Cuomo’s biggest non-fiscal legislative victories— the local property tax levy cap, legalization of same-sex marriage, and the gun control law known as the SAFE Act—were launched outside the budget process and passed by a Republican-controlled Senate and Democratic Assembly. A fourth, the Tier 6 pension reform, was initially part of his FY 2013 proposed budget (since it generated actual savings), but was passed separately before the budget.
Hochul and her staff should look back on the tactics and tradeoffs employed by her predecessors—from as recent as Cuomo to at least as far back as Nelson Rockefeller—for some lessons in how a governor might work around hardcore ideological blocs in the Legislature to get her way on at least a few key items that have broad support, without needlessly cluttering her budget.6
See my primer on New York’s Executive Budget law for more on the constitutional underpinnings of the budget process, including the crucial difference between appropriations bills (whose wording cannot be changed by lawmakers) and Article VII language bills, whose provisions can be substantially amended or reworded by the Legislature before passage.
The “budget implications” for these provisions in the governor’s support memorandums range from dubious to pure BS—e.g., the emergency abortion provision is described as necessary to implement the budget because “it is a vital component of the Governor’s comprehensive agenda to strengthen reproductive health rights.”
The Senate Democratic majority under David Paterson in 2009-10 was a tenuous and ultimately shambolic 32-30; the previous bicameral Democratic majority under a Democratic governor (Herbert Lehman in 1935) lasted just a year and featured only a four-vote majority in the 150-seat Assembly.
She’s also pre-emptively surrendered on taxes, proposing a five-year extension of the significant millionaire-earner income tax hike approved under Cuomo in 2021, which isn’t due to expire until the end of calendar year 2027. And she has abandoned her 2024 attempt to eliminate the “save harmless” aid increases to school districts with falling enrollment.
The Omnibus Workers' Compensation Reform Act in New York, codified as Chapter 635 of the Laws of 1996, repealed the so-called “Dole v.
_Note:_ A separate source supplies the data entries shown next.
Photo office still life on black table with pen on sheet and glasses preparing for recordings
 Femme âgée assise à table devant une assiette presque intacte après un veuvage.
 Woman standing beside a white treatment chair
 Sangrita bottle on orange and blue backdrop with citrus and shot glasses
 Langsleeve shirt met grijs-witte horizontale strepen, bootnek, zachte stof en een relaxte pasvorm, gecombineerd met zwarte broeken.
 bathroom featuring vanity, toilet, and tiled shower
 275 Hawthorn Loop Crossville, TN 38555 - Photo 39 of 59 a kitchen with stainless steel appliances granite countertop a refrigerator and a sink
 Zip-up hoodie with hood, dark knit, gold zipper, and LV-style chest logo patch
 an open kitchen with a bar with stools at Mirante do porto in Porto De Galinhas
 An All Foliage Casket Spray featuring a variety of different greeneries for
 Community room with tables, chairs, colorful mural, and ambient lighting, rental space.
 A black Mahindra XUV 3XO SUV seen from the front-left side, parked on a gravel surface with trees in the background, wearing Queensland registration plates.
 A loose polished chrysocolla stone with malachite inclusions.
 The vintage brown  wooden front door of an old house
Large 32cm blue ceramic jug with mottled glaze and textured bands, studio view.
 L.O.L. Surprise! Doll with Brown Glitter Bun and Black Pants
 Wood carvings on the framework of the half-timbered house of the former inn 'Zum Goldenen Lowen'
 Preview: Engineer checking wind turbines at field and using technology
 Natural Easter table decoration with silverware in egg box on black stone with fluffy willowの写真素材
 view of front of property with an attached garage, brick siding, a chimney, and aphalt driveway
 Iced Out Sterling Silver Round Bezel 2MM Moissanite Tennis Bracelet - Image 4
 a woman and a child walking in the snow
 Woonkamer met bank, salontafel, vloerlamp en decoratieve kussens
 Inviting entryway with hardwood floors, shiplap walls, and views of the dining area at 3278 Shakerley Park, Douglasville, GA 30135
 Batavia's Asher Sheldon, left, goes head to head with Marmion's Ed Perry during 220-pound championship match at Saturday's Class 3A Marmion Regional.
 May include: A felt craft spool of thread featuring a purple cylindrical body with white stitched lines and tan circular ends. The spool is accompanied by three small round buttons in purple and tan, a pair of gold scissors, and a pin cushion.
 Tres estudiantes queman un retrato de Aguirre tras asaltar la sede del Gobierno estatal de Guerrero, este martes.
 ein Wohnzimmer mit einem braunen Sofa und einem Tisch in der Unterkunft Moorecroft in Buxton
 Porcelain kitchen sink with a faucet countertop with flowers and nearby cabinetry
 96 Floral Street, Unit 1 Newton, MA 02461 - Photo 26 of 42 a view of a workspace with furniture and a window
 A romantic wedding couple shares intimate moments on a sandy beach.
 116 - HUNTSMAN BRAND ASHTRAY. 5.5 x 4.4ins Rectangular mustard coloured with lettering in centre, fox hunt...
Dow” right to seek third-party manufacturers liable for workplace injuries. The old law, unique to New York, created lucrative litigation opportunities for Silver’s allies in the tort bar.
On the federal level, a textbook example of how an executive can win support across party lines would be President Lyndon Johnson’s 1964 “dam” conversation with the Senate Minority Leader, Everett Dirksen, who had mustered Republican votes to pass the Civil Rights Act and whose support LBJ still counted on for other legislation. Unfortunately, the New York State Legislature much more effectively marginalizes its small GOP minorities—who would provide the support needed to pass discovery reform or involuntary commitment in an open vote (which, this being Albany, will never happen).